All points at which relevant decisions are made should be identified.
Access to framework data structure (DecisionTree) should be provided at
these points. Based on the data from DecisionTree, obtained by calling
getDecision member function, at these points decisions are made whether to
execute default actions (as compiler would do without this framework) or to
follow alternative paths.

Let us consider Inliner example:

Original code:

if (!IC) {
DEBUG(dbgs() << " NOT Inlining: cost=" << IC.getCost()
<< “, thres=” << (IC.getCostDelta() + IC.getCost())
<< ", Call: " << *CS.getInstruction() << “\n”);
return false;
}

Code after instrumentalization:

bool doInlinging = (bool)IC;
DecisionTreeProxy *decisionTreeProxy;
decisionTreeProxy =
moduleDecisionTreeProxies->getCurrFnDecisionTreeProxy();
int t = MaxDtPriority - abs(IC.getCostDelta());
bool decision = false;
if (t >= 0)
decision = decisionTreeProxy->getDecision(call);
if (decision)
doInlinging = !doInlinging;

if (!doInlinging) {
DEBUG(dbgs() << " NOT Inlining: cost=" << IC.getCost()
<< “, thres=” << (IC.getCostDelta() + IC.getCost())
<< ", Call: " << *CS.getInstruction() << “\n”);
return false;
}

Function getDecision returns true or false. If false is returned than this
means to take default path and true means to take alternative one.

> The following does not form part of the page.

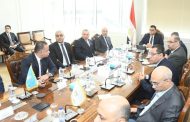 وزير الإسكان يبحث ملف تشغيل مشروع حدائق تلال الفسطاط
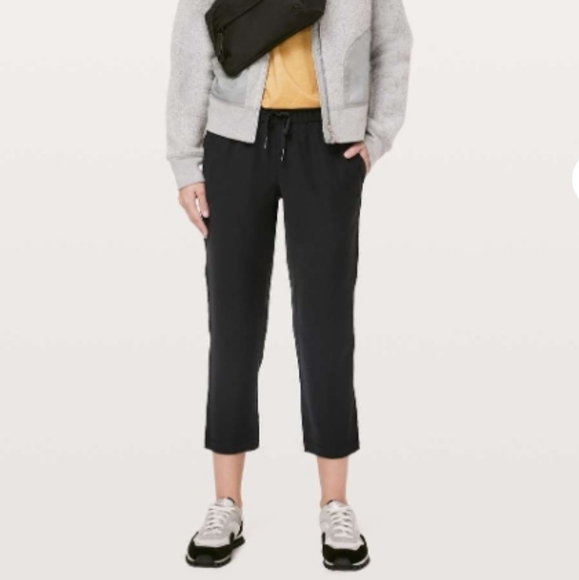Lululemon On The Fly Crop Pants - Picture 2 of 14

Compilation process can be represented by sequence of binary values where
every value determines decision made at some point. Value FALSE means to
follow normal compilation process as original compiler would do without
presence of iterative compilation framework. TRUE value means to take
alternative path or to make opposite decision at that point. This naturally
forms tree like structure which we named Decision Tree.
Traversing the tree from the root to the leaf of the tree provides all the
decisions made during one iteration in compilation process.

At the end of each iteration, quality of generated code is estimated by
executing newly introduced target dependent pass. Based on results path for
the following iteration is calculated. At the moment, this has been proved
for MIPS only and it is based on code size.

Initially iterative compilation framework was implemented in CodeGen phase
but large number of code transformations was already performed in earlier
phases. This reduces possibilities to improve quality of generated code.
Thus iterative compilation framework is applied to Clang driver where it can
influence every single compiler phase. This relocation resulted in some
implementation issues mostly related to the fact that driver and the
compiler itself (-cc1) are located in different processes. This is resolved
by introducing DecisionTreeProxy class that implements communication between
these two processes through temporary files.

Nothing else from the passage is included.